Work instruction
In full and without alteration, reproduce every record.
■ ■ ■ ■
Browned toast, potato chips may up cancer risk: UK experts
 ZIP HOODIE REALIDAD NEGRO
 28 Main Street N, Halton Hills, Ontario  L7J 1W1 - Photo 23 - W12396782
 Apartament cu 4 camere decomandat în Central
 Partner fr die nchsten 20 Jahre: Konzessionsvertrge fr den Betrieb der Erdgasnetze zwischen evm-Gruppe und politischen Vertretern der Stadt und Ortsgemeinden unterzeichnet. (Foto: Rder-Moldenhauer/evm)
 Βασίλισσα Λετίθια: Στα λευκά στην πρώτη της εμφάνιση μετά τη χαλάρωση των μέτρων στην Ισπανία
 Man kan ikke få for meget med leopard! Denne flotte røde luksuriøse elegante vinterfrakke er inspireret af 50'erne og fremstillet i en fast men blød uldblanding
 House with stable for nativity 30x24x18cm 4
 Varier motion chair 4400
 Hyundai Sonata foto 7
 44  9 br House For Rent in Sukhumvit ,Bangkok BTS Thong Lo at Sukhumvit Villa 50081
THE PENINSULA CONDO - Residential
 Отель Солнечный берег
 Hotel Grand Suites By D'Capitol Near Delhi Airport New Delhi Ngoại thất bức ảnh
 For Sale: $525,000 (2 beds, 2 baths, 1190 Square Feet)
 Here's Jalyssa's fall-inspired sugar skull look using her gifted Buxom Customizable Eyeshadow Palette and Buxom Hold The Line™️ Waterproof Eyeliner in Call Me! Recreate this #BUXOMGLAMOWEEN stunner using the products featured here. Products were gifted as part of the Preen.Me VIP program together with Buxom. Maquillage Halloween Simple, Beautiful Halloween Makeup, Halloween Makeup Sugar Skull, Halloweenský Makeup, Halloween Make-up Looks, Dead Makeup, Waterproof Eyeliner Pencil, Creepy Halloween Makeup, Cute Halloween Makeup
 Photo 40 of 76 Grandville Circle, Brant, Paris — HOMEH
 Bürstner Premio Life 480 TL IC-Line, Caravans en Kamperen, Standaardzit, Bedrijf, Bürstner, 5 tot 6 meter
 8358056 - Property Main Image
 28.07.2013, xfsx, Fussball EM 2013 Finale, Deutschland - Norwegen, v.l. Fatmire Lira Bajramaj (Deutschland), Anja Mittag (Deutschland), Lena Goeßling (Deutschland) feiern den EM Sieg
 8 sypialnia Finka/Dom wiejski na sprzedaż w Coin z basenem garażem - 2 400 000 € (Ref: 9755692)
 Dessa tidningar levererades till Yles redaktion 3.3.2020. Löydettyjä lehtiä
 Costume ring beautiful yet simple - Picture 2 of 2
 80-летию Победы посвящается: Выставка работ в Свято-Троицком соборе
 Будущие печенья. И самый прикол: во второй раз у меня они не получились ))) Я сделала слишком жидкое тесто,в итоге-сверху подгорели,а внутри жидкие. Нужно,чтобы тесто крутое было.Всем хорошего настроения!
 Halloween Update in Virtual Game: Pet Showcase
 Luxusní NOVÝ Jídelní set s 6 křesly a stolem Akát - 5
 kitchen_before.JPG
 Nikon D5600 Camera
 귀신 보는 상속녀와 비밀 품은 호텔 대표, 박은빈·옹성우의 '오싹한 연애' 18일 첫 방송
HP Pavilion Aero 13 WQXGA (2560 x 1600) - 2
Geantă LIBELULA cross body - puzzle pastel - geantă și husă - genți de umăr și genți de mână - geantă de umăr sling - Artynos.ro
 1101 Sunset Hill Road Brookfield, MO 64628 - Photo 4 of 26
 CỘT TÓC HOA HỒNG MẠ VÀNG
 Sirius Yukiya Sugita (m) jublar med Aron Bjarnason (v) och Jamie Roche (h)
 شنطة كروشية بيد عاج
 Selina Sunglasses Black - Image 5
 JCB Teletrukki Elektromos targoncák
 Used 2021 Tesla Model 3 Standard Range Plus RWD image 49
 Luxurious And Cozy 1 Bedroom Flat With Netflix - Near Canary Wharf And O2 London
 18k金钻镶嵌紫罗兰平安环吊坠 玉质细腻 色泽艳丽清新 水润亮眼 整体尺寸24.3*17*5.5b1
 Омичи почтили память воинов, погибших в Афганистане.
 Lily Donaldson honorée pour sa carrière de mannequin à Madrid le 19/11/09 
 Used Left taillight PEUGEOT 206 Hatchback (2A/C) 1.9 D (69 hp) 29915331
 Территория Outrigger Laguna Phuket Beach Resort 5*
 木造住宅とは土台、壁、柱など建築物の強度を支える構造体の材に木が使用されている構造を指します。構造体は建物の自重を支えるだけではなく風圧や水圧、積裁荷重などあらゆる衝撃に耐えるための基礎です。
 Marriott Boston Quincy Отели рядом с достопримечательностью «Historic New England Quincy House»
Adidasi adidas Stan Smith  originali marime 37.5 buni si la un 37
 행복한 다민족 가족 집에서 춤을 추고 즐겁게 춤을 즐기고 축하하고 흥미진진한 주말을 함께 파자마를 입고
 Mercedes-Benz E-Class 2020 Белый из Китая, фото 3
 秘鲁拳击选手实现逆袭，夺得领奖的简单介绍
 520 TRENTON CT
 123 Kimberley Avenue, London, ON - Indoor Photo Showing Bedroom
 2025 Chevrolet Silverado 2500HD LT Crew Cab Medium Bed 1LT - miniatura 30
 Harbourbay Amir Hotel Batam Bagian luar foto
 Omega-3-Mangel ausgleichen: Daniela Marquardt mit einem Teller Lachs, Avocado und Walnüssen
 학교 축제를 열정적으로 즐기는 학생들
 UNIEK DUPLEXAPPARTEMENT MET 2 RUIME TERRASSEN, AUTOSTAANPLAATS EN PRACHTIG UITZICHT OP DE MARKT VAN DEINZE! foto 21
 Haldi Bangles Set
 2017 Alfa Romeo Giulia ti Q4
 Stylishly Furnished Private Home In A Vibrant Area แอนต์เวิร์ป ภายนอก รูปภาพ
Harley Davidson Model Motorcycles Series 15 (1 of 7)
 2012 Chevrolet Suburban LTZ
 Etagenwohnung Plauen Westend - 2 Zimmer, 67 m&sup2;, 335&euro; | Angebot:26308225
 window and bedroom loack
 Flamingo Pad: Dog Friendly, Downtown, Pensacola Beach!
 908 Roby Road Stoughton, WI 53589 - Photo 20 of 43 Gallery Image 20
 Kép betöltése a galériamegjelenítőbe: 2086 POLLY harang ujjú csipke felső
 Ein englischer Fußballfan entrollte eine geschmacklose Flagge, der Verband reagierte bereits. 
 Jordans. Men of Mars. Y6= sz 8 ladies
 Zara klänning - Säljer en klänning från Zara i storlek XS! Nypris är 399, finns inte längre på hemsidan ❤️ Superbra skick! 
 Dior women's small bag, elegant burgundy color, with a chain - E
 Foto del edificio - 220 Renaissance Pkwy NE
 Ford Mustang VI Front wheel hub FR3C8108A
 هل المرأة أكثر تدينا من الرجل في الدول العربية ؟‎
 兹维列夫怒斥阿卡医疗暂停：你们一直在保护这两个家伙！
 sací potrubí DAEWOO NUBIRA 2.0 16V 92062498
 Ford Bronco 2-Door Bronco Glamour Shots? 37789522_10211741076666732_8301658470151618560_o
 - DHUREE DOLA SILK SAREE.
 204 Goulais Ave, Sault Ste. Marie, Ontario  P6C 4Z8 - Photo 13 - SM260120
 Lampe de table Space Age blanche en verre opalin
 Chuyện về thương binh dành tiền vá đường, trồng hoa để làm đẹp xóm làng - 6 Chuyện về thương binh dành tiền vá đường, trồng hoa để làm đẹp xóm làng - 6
■ ■ ■ ■
Result of this task
Browned toast, potato chips may up cancer risk: UK experts
 ZIP HOODIE REALIDAD NEGRO
 28 Main Street N, Halton Hills, Ontario  L7J 1W1 - Photo 23 - W12396782
 Apartament cu 4 camere decomandat în Central
 Partner fr die nchsten 20 Jahre: Konzessionsvertrge fr den Betrieb der Erdgasnetze zwischen evm-Gruppe und politischen Vertretern der Stadt und Ortsgemeinden unterzeichnet. (Foto: Rder-Moldenhauer/evm)
 Βασίλισσα Λετίθια: Στα λευκά στην πρώτη της εμφάνιση μετά τη χαλάρωση των μέτρων στην Ισπανία
 Man kan ikke få for meget med leopard! Denne flotte røde luksuriøse elegante vinterfrakke er inspireret af 50'erne og fremstillet i en fast men blød uldblanding
 House with stable for nativity 30x24x18cm 4
 Varier motion chair 4400
 Hyundai Sonata foto 7
 44  9 br House For Rent in Sukhumvit ,Bangkok BTS Thong Lo at Sukhumvit Villa 50081
THE PENINSULA CONDO - Residential
 Отель Солнечный берег
 Hotel Grand Suites By D'Capitol Near Delhi Airport New Delhi Ngoại thất bức ảnh
 For Sale: $525,000 (2 beds, 2 baths, 1190 Square Feet)
 Here's Jalyssa's fall-inspired sugar skull look using her gifted Buxom Customizable Eyeshadow Palette and Buxom Hold The Line™️ Waterproof Eyeliner in Call Me! Recreate this #BUXOMGLAMOWEEN stunner using the products featured here. Products were gifted as part of the Preen.Me VIP program together with Buxom. Maquillage Halloween Simple, Beautiful Halloween Makeup, Halloween Makeup Sugar Skull, Halloweenský Makeup, Halloween Make-up Looks, Dead Makeup, Waterproof Eyeliner Pencil, Creepy Halloween Makeup, Cute Halloween Makeup
 Photo 40 of 76 Grandville Circle, Brant, Paris — HOMEH
 Bürstner Premio Life 480 TL IC-Line, Caravans en Kamperen, Standaardzit, Bedrijf, Bürstner, 5 tot 6 meter
 8358056 - Property Main Image
 28.07.2013, xfsx, Fussball EM 2013 Finale, Deutschland - Norwegen, v.l. Fatmire Lira Bajramaj (Deutschland), Anja Mittag (Deutschland), Lena Goeßling (Deutschland) feiern den EM Sieg
 8 sypialnia Finka/Dom wiejski na sprzedaż w Coin z basenem garażem - 2 400 000 € (Ref: 9755692)
 Dessa tidningar levererades till Yles redaktion 3.3.2020. Löydettyjä lehtiä
 Costume ring beautiful yet simple - Picture 2 of 2
 80-летию Победы посвящается: Выставка работ в Свято-Троицком соборе
 Будущие печенья. И самый прикол: во второй раз у меня они не получились ))) Я сделала слишком жидкое тесто,в итоге-сверху подгорели,а внутри жидкие. Нужно,чтобы тесто крутое было.Всем хорошего настроения!
 Halloween Update in Virtual Game: Pet Showcase
 Luxusní NOVÝ Jídelní set s 6 křesly a stolem Akát - 5
 kitchen_before.JPG
 Nikon D5600 Camera
 귀신 보는 상속녀와 비밀 품은 호텔 대표, 박은빈·옹성우의 '오싹한 연애' 18일 첫 방송
HP Pavilion Aero 13 WQXGA (2560 x 1600) - 2
Geantă LIBELULA cross body - puzzle pastel - geantă și husă - genți de umăr și genți de mână - geantă de umăr sling - Artynos.ro
 1101 Sunset Hill Road Brookfield, MO 64628 - Photo 4 of 26
 CỘT TÓC HOA HỒNG MẠ VÀNG
 Sirius Yukiya Sugita (m) jublar med Aron Bjarnason (v) och Jamie Roche (h)
 شنطة كروشية بيد عاج
 Selina Sunglasses Black - Image 5
 JCB Teletrukki Elektromos targoncák
 Used 2021 Tesla Model 3 Standard Range Plus RWD image 49
 Luxurious And Cozy 1 Bedroom Flat With Netflix - Near Canary Wharf And O2 London
 18k金钻镶嵌紫罗兰平安环吊坠 玉质细腻 色泽艳丽清新 水润亮眼 整体尺寸24.3*17*5.5b1
 Омичи почтили память воинов, погибших в Афганистане.
 Lily Donaldson honorée pour sa carrière de mannequin à Madrid le 19/11/09 
 Used Left taillight PEUGEOT 206 Hatchback (2A/C) 1.9 D (69 hp) 29915331
 Территория Outrigger Laguna Phuket Beach Resort 5*
 木造住宅とは土台、壁、柱など建築物の強度を支える構造体の材に木が使用されている構造を指します。構造体は建物の自重を支えるだけではなく風圧や水圧、積裁荷重などあらゆる衝撃に耐えるための基礎です。
 Marriott Boston Quincy Отели рядом с достопримечательностью «Historic New England Quincy House»
Adidasi adidas Stan Smith  originali marime 37.5 buni si la un 37
 행복한 다민족 가족 집에서 춤을 추고 즐겁게 춤을 즐기고 축하하고 흥미진진한 주말을 함께 파자마를 입고
 Mercedes-Benz E-Class 2020 Белый из Китая, фото 3
 秘鲁拳击选手实现逆袭，夺得领奖的简单介绍
 520 TRENTON CT
 123 Kimberley Avenue, London, ON - Indoor Photo Showing Bedroom
 2025 Chevrolet Silverado 2500HD LT Crew Cab Medium Bed 1LT - miniatura 30
 Harbourbay Amir Hotel Batam Bagian luar foto
 Omega-3-Mangel ausgleichen: Daniela Marquardt mit einem Teller Lachs, Avocado und Walnüssen
 학교 축제를 열정적으로 즐기는 학생들
 UNIEK DUPLEXAPPARTEMENT MET 2 RUIME TERRASSEN, AUTOSTAANPLAATS EN PRACHTIG UITZICHT OP DE MARKT VAN DEINZE! foto 21
 Haldi Bangles Set
 2017 Alfa Romeo Giulia ti Q4
 Stylishly Furnished Private Home In A Vibrant Area แอนต์เวิร์ป ภายนอก รูปภาพ
Harley Davidson Model Motorcycles Series 15 (1 of 7)
 2012 Chevrolet Suburban LTZ
 Etagenwohnung Plauen Westend - 2 Zimmer, 67 m&sup2;, 335&euro; | Angebot:26308225
 window and bedroom loack
 Flamingo Pad: Dog Friendly, Downtown, Pensacola Beach!
 908 Roby Road Stoughton, WI 53589 - Photo 20 of 43 Gallery Image 20
 Kép betöltése a galériamegjelenítőbe: 2086 POLLY harang ujjú csipke felső
 Ein englischer Fußballfan entrollte eine geschmacklose Flagge, der Verband reagierte bereits. 
 Jordans. Men of Mars. Y6= sz 8 ladies
 Zara klänning - Säljer en klänning från Zara i storlek XS! Nypris är 399, finns inte längre på hemsidan ❤️ Superbra skick! 
 Dior women's small bag, elegant burgundy color, with a chain - E
 Foto del edificio - 220 Renaissance Pkwy NE
 Ford Mustang VI Front wheel hub FR3C8108A
 هل المرأة أكثر تدينا من الرجل في الدول العربية ؟‎
 兹维列夫怒斥阿卡医疗暂停：你们一直在保护这两个家伙！
 sací potrubí DAEWOO NUBIRA 2.0 16V 92062498
 Ford Bronco 2-Door Bronco Glamour Shots? 37789522_10211741076666732_8301658470151618560_o
 - DHUREE DOLA SILK SAREE.
 204 Goulais Ave, Sault Ste. Marie, Ontario  P6C 4Z8 - Photo 13 - SM260120
 Lampe de table Space Age blanche en verre opalin
 Chuyện về thương binh dành tiền vá đường, trồng hoa để làm đẹp xóm làng - 6 Chuyện về thương binh dành tiền vá đường, trồng hoa để làm đẹp xóm làng - 6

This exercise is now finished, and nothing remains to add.